Racconta Paolo Rumiz per ‘Repubblica’ che quest’acqua è stata più volte dichiarato non potabile ma che poi le ordinanze di non potabilità sono state presto revocate. Ma chi si occupa dell’immissione nelle case di quest’acqua? Scrive ‘Repubblica’ che la raccolta e il pompaggio delle acque tocca a una società di diritto privato chiamata Sorical, posseduta al 46,5% dalla francese Véolia (che gestisce anche l’inceneritore di Gioia Tauro), mentre la distribuzione tramite le condutture spetta ai Comuni.
Scrive Repubblica: “La Sorical la eredita nel 2005 dalla Cassa del Mezzogiorno che l’ha appena messa in funzione. Una cattedrale nel deserto, costruita per spillare denaro pubblico in una zona umida con sabbie mobili e acque malariche. I fondali del lago artificiale non sono stati puliti e bonificati delle infiltrazioni di ferro e manganese contigue alle miniere borboniche di Mongiana. E quando, salutati dal plauso della politica, i francesi prendono in mano l’impianto dopo alcune migliorie, si ritrovano a mettere in rete un’acqua che grida vendetta rispetto alle fonti delle Serre”.

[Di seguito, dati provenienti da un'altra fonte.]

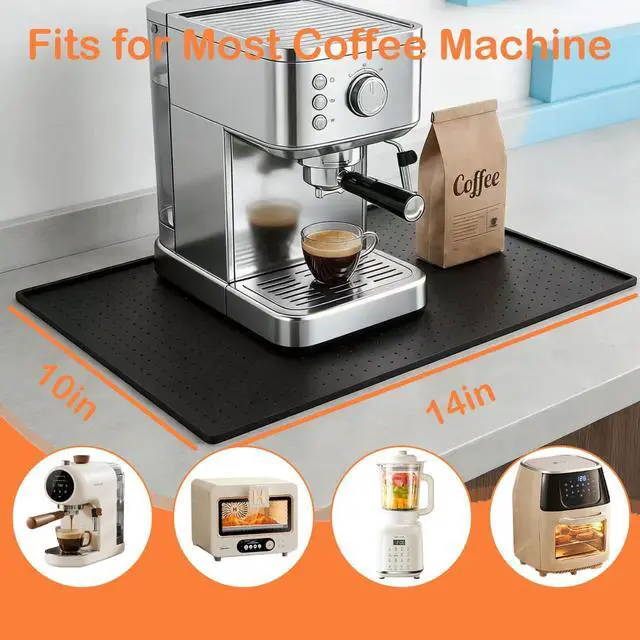 Alt view image 2 of 5 - Silicone Coffee Mat 10"x14" - Waterproof and Heat Resistant Dish Drying Mats, Non-Slip Countertop Protector, Keep Kitchen Counters Clean for Espresso Machines, Spill Proof, Easy Clean, Black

Si continua a leggere: “Nel 2010 persino la Regione Calabria, legata ai francesi, riconosce che qualcosa non va. L’Agenzia protezione ambiente dimostra che l’inquinamento viene dal lago, non dalla rete. Intervengono anche i Nas, che mettono sotto sequestro un serbatoio nel Vibonese. Nel gennaio di quest’anno il sindaco di Vibo dichiara l’acqua non potabile. Lo stesso accade in altri Comuni. Allora la gente chiede: riapriteci i vecchi pozzi che avevano acqua sicura. Ma non si può. Non sono più operativi. Qualcuno, veloce come il vento, li ha già disattivati”.